» Instructions for the task
Copy word for word the lines of the records below, beginning at the one with "Webflow Designer Visual Builder" and finishing at the one with "Fischen zum Frühstück", ends included, but none of the pictures.

(Materials provided begins)

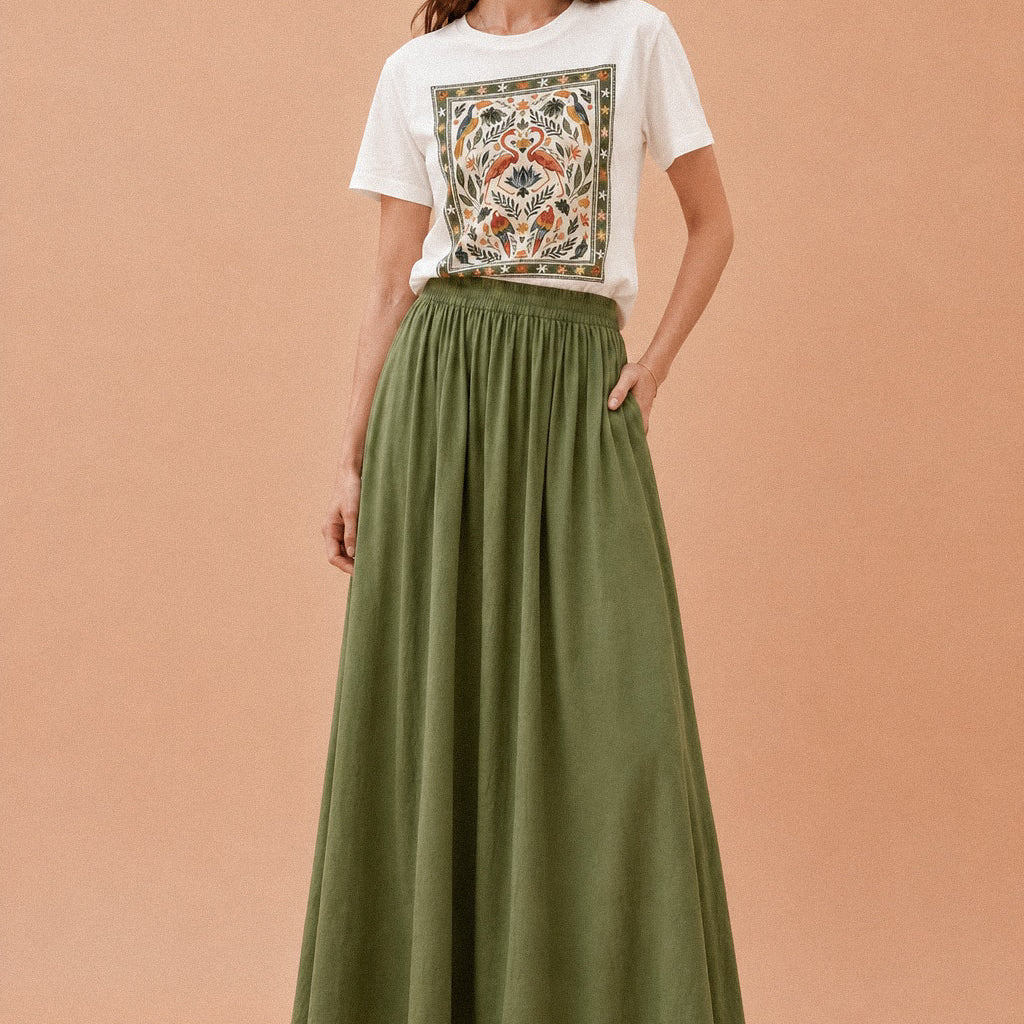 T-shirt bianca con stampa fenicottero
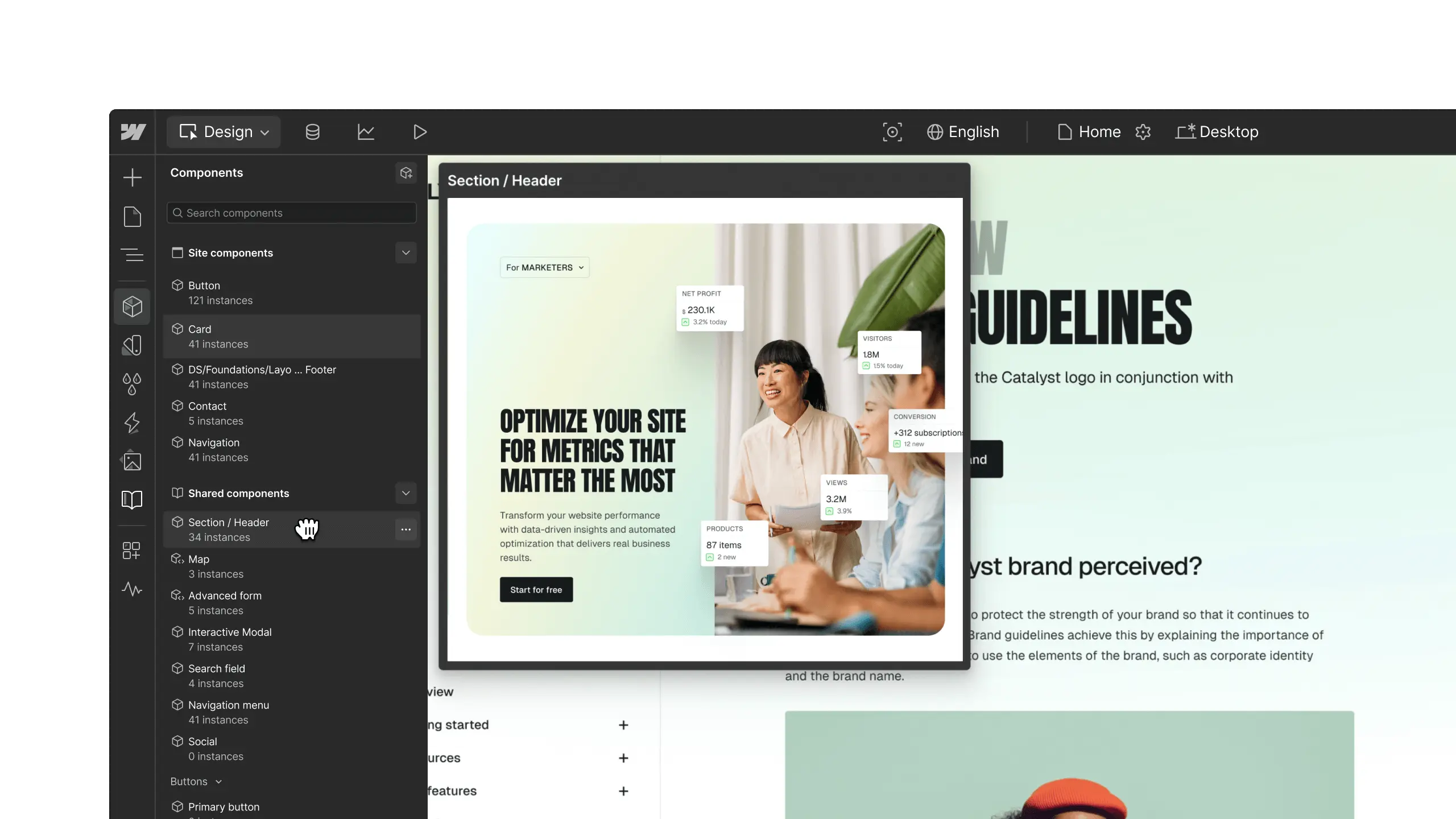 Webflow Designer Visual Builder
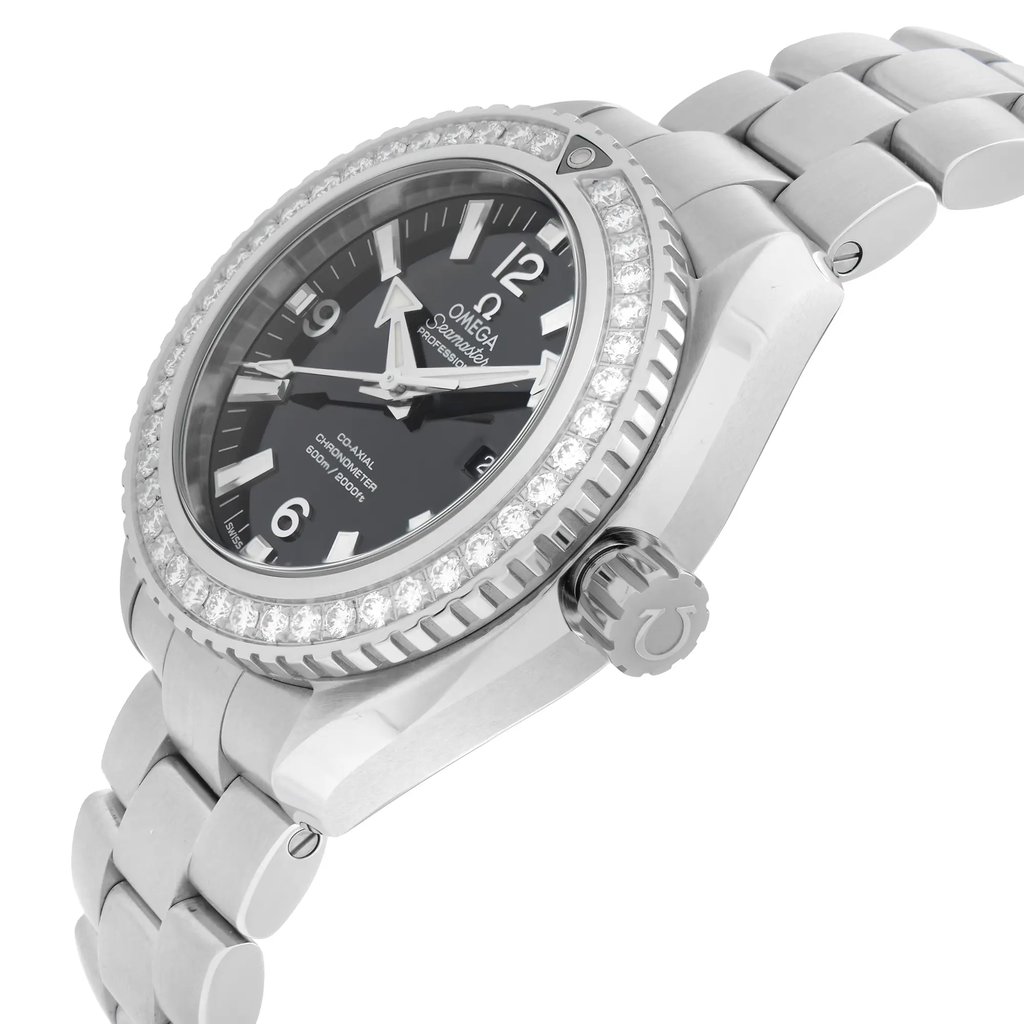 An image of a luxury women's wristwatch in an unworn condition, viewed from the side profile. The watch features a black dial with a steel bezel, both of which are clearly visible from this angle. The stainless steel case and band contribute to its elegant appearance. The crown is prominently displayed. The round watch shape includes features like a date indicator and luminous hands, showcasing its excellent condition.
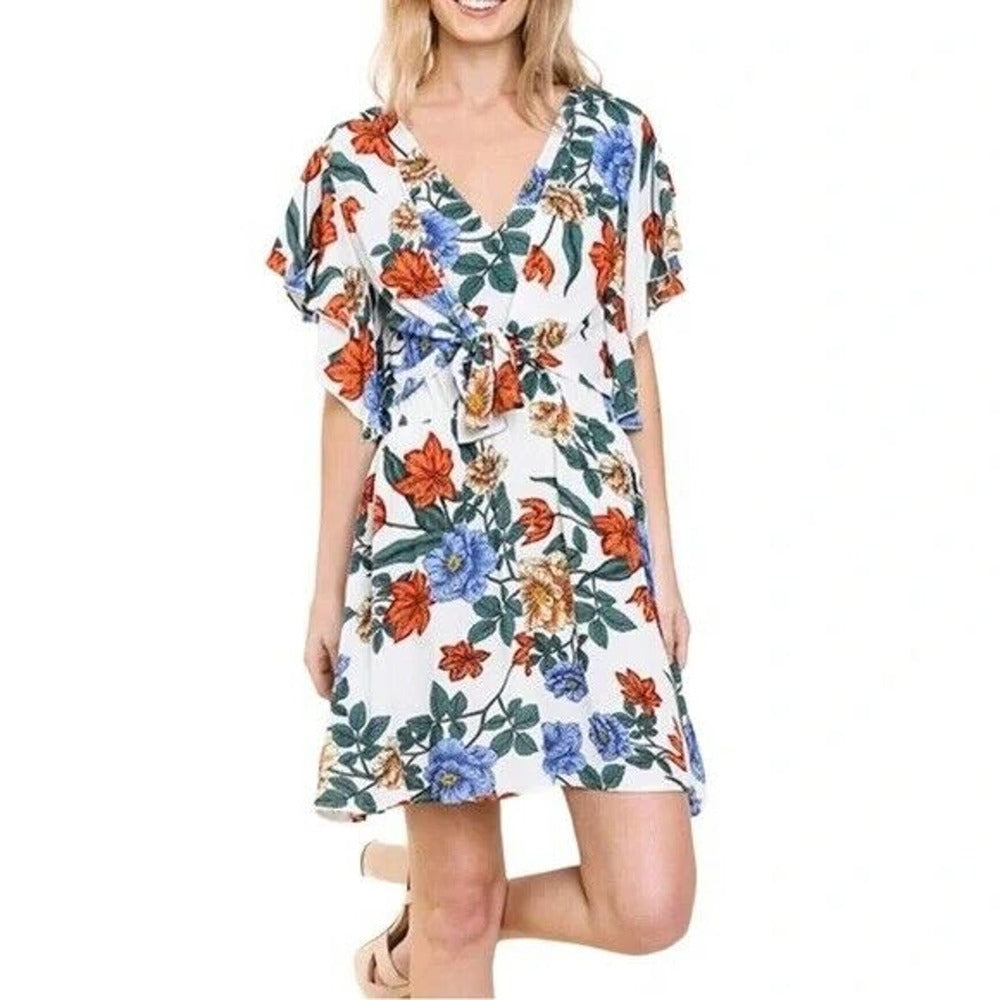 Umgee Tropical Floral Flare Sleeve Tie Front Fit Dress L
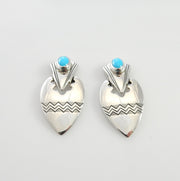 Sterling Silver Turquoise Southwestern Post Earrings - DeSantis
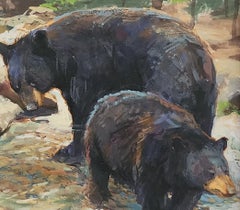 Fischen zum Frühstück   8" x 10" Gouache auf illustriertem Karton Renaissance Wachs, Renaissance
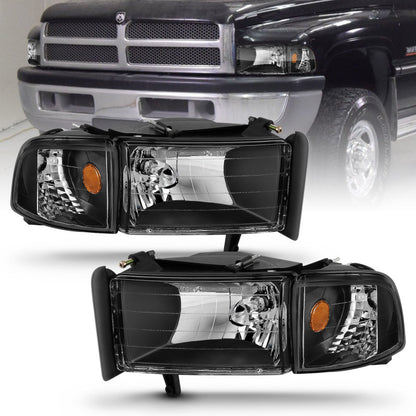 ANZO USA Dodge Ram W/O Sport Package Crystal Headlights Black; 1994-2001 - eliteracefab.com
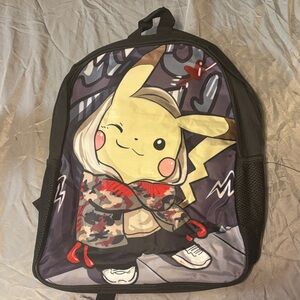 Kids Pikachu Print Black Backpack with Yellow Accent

(Materials provided ends)

» Exercise response
 Webflow Designer Visual Builder
 An image of a luxury women's wristwatch in an unworn condition, viewed from the side profile. The watch features a black dial with a steel bezel, both of which are clearly visible from this angle. The stainless steel case and band contribute to its elegant appearance. The crown is prominently displayed. The round watch shape includes features like a date indicator and luminous hands, showcasing its excellent condition.
 Umgee Tropical Floral Flare Sleeve Tie Front Fit Dress L
 Sterling Silver Turquoise Southwestern Post Earrings - DeSantis
 Fischen zum Frühstück   8" x 10" Gouache auf illustriertem Karton Renaissance Wachs, Renaissance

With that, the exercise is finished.